The Chase : pas le temps de se reposer, c'est une poursuite et la déferlante de violons le montre aussi bien que les images. Si Burton filme ses scènes d'action avec autant de maestria que Elfman les met en musique, Sleepy Hollow risque bien d'entrer dans la légende (et pas seulement pour les fans de Burton). Plus le morceau avance plus on tombe dans un pur délire orchestral d'une richesse extraordinaire.
The Final Confrontation : comme d'habitude (ou presque) dans la collaboration Elfman/Burton, il y a un morceau "final confrontation". On poursuit la tempête sonore de The Chase. Toujours plus grandiose, en digne successeur des délires des Batman. Jusqu'à la résolution finale que l'on imagine sublime. On pense à Batman Returns et cela fait rudement plaisir. On pense aussi que Sleepy Hollow est un film unique en son genre et cela fait encore plus plaisir.
A New Day ! : Inutile de cacher que tout est bien qui finit bien (en apparence). Une petite minute de pause gracieuse après toute la violence des morceaux précédents. On pense à Mars Attacks !, un peu, mais pas longtemps... Indéniablement, Elfman s'est surpassé, une fois de plus, en signant peut-être sa meilleure BO depuis The Nightmare, et sûrement la meilleure depuis Mars Attacks !

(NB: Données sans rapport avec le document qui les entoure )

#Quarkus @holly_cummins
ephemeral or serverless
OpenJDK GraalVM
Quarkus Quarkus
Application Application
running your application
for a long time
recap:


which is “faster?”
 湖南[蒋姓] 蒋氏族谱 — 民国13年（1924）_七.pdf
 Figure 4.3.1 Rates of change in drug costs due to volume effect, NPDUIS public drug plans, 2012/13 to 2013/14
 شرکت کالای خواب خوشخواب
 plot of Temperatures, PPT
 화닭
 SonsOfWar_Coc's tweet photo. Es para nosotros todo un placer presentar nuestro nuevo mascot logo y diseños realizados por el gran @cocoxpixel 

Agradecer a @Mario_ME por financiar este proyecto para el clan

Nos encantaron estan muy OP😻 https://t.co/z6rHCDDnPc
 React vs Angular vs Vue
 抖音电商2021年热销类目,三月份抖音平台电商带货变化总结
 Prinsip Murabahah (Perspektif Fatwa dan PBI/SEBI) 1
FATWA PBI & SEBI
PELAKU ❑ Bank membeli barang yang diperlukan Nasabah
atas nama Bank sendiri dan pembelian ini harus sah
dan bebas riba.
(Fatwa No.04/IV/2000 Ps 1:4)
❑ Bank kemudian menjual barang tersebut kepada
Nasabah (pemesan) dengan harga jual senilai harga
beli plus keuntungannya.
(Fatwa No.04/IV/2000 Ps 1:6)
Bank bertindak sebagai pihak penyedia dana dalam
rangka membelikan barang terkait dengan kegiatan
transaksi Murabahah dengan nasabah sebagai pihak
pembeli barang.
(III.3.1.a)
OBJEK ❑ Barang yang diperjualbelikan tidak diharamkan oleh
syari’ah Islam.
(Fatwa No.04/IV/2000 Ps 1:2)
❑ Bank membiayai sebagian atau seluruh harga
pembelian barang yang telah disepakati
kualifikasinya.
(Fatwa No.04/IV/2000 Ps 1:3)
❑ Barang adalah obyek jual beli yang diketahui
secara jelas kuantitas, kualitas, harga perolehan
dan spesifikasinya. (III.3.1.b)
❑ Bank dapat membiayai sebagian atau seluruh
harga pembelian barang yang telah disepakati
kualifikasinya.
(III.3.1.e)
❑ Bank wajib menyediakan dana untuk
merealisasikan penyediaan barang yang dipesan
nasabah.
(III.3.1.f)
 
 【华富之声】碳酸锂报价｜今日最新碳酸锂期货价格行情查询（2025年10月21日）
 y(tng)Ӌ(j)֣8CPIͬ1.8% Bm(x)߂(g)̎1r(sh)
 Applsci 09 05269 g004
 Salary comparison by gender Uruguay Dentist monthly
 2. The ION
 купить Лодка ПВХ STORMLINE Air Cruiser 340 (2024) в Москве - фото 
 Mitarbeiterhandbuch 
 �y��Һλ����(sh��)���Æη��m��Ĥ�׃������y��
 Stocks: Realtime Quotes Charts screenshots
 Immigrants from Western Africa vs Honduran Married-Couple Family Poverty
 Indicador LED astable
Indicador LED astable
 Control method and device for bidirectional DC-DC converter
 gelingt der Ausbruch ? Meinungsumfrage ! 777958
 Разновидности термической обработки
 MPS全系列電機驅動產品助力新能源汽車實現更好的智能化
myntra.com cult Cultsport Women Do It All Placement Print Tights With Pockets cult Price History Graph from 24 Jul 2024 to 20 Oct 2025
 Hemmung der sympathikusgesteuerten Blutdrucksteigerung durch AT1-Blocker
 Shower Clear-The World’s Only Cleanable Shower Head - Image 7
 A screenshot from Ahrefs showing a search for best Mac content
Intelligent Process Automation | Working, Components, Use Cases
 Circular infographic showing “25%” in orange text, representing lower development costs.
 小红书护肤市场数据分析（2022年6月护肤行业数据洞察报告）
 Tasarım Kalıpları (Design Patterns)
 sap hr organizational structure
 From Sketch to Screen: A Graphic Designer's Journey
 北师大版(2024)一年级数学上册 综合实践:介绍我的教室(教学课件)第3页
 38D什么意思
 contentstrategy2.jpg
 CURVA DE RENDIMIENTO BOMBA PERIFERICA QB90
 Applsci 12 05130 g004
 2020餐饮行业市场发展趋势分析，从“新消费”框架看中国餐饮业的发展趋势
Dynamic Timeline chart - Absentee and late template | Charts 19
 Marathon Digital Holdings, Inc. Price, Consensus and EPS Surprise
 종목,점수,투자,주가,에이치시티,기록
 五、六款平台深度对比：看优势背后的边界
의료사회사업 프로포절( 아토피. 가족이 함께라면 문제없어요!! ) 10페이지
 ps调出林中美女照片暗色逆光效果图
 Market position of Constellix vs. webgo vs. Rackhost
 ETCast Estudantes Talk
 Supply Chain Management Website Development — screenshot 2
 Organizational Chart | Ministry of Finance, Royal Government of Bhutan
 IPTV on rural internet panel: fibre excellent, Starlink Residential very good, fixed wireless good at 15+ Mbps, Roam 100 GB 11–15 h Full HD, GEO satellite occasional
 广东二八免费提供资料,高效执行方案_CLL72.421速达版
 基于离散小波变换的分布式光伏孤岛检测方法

End Credits : variations sur le Main Titles, sublimissimes. Surtout ne partez pas avant la fin du générique ! Le thème principal à base de chœurs enfantins, une trompette bouleversante, une musique qui est prête à entrer dans l'Histoire, tout comme le film... Et le final, un quasi hommage à... Edward Scissorhands ! On ne sait pas encore pour le film, mais pour ce qui est de sa musique, c'est une merveille.